The limitations he described have only deepened now that Egypt, Tunisia, Libya and Yemen have newly installed governments that are eager to chart independent foreign policies.
Meanwhile, Persian Gulf powers, keen to ride the wave of revolt while not necessarily effecting change at home, are taking bold stances in backing Arab revolutionaries in moves that make the United States look reactionary.
While Romney and Obama debate the long-term wisdom of sending weapons to the Syrian rebels who are fighting President Bashar Assad’s regime, Gulf states such as Qatar and Saudi Arabia are the main suppliers of arms. Qatar was also a strong backer of the Libyan rebel movement, and it maintains close ties with the Egyptians.
This week, the tiny Gulf emirate waded into the Palestinian-Israeli conflict when Qatar’s ruler, Sheikh Hamad bin Khalifa al Thani, became the first head of state to visit the Gaza Strip since the militant Islamist group Hamas seized control of it five years ago after winning parliamentary elections. The emir unveiled a $400 million investment project for Gaza, including a new housing development and several roads.
“The visit by the emir of Qatar is a very significant event,” Duss said. “The message there is, ‘We implicitly, if not explicitly, recognize Hamas as the government in Gaza.’ ”
In the United States, the controversial visit led to a small but significant shift in policy: The State Department, which typically condemns official trips to Gaza as support for a group it considers a terrorist organization, deemed the emir’s visit a “humanitarian mission.”
“We share Qatar’s deep concern for the welfare of the Palestinian people, including those residing in Gaza,” State Department spokeswoman Victoria Nuland said.

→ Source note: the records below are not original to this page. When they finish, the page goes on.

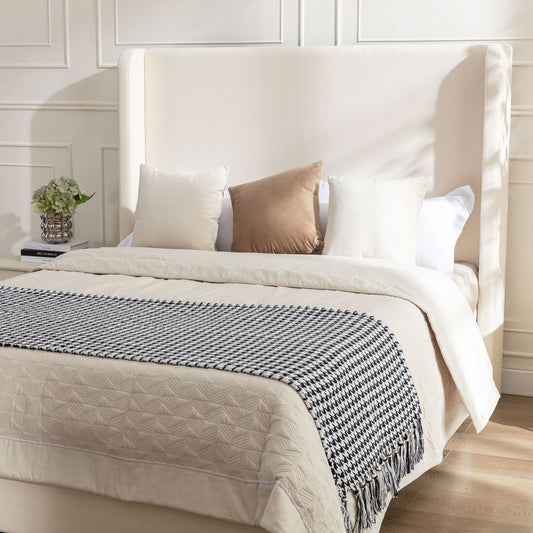 Harper tall headboard upholstered bed in cream fabric by HouseOfZazla with neutral pillows on Tampa Home & Garden Store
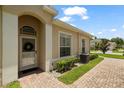 Charming home entrance featuring a decorative wreath, arched doorway, and beautiful brick walkway at 2537 Stanhope Dr, New Port Richey, FL 34655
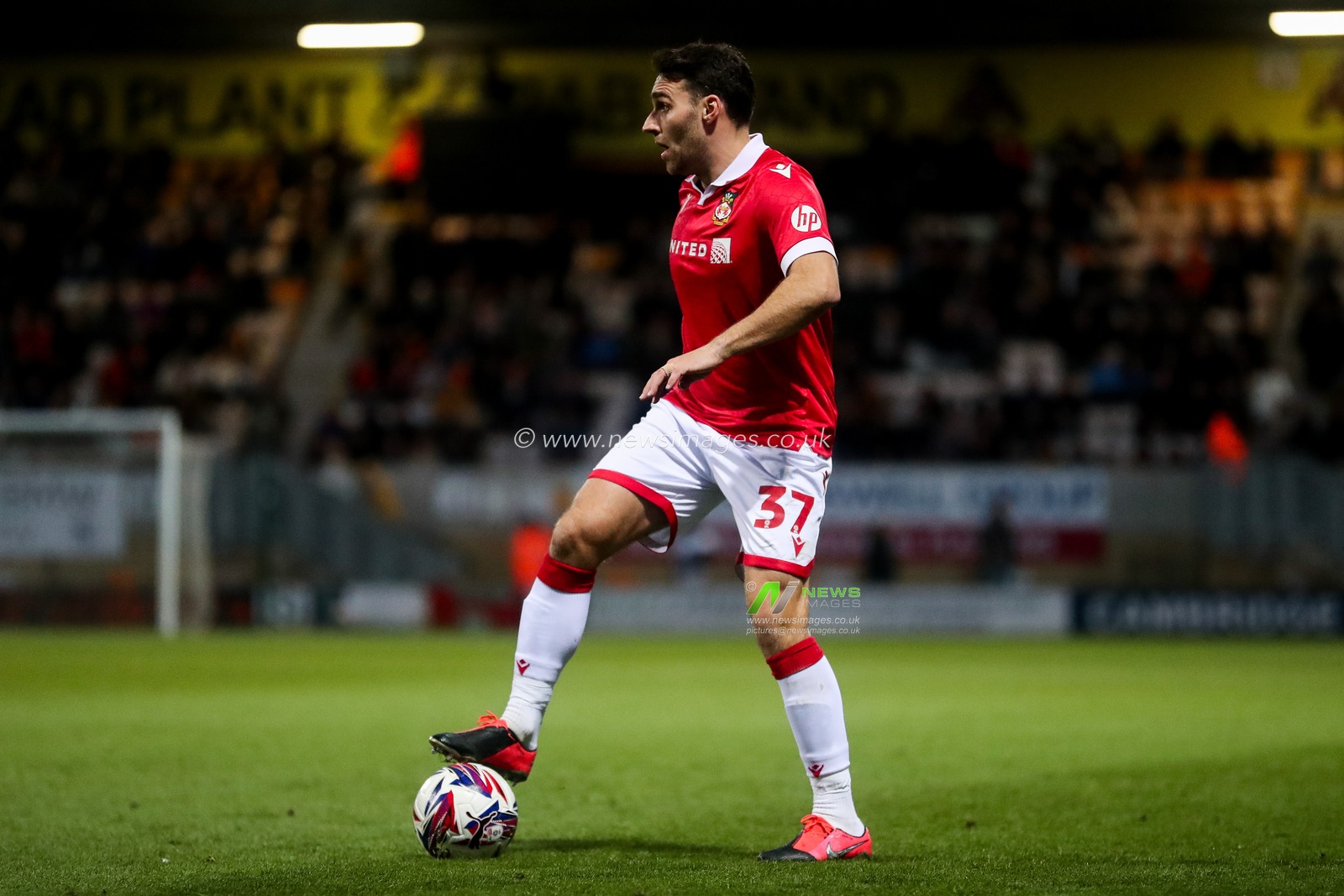 Matthew James of Wrexham AFC runs with the ball during the Sky Bet League 1 match Cambridge United vs Wrexham at Abbey Stadium, Cambridge, United Kingdom, 1st April 2025

(Photo by Izzy Poles/News Images)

While Israeli media crowed that the State Department had gone soft on Hamas, other observers deemed the reaction a sensible response to the U.S. struggle to stay relevant in a changing Middle East. But analysts say it’ll take more than a slightly thawed policy toward Hamas to get Arab governments to view the U.S. as a neutral broker that can save the idea of an independent Palestinian state existing alongside Israel – known as the two-state solution – which Duss described as “on life support.”
Egypt in particular appears determined to emphasize Arab sovereignty after decades under Mubarak, whom many Arabs derided as a puppet ruler for his guardian of the Camp David peace treaty with Israel.
Mubarak’s successor, Mohammed Morsi, was a top official of the Muslim Brotherhood, the mother organization of Hamas. On Monday, Romney mentioned him in the same breath as terrorist groups, a connection that analysts said was unlikely to be helpful.
“Instead of taking the opportunity to see how the changes could break the stalemate, they’re looking backward and seeing how they could possibly make things worse than before,” said Sienkiewicz, the Boston College professor.
Shukrallah, the Egyptian political writer, said the connections could open new channels of influence, noting that the new Egyptian government holds great sway over Hamas. But the next U.S. administration also will have to recognize that the new Arab governments are much more responsive to their citizens, who express solidarity with the Palestinian cause in poll after poll.
Arab leaders, Shukrallah said, “will have to adopt postures that, at least on the surface, are definitely more assertive toward Israel and the Palestinians.” That will mean the U.S. also will have to take firmer stances on issues such as Israeli settlements in the West Bank. “Without a strong U.S. stance, a two-state solution isn’t viable,” he said.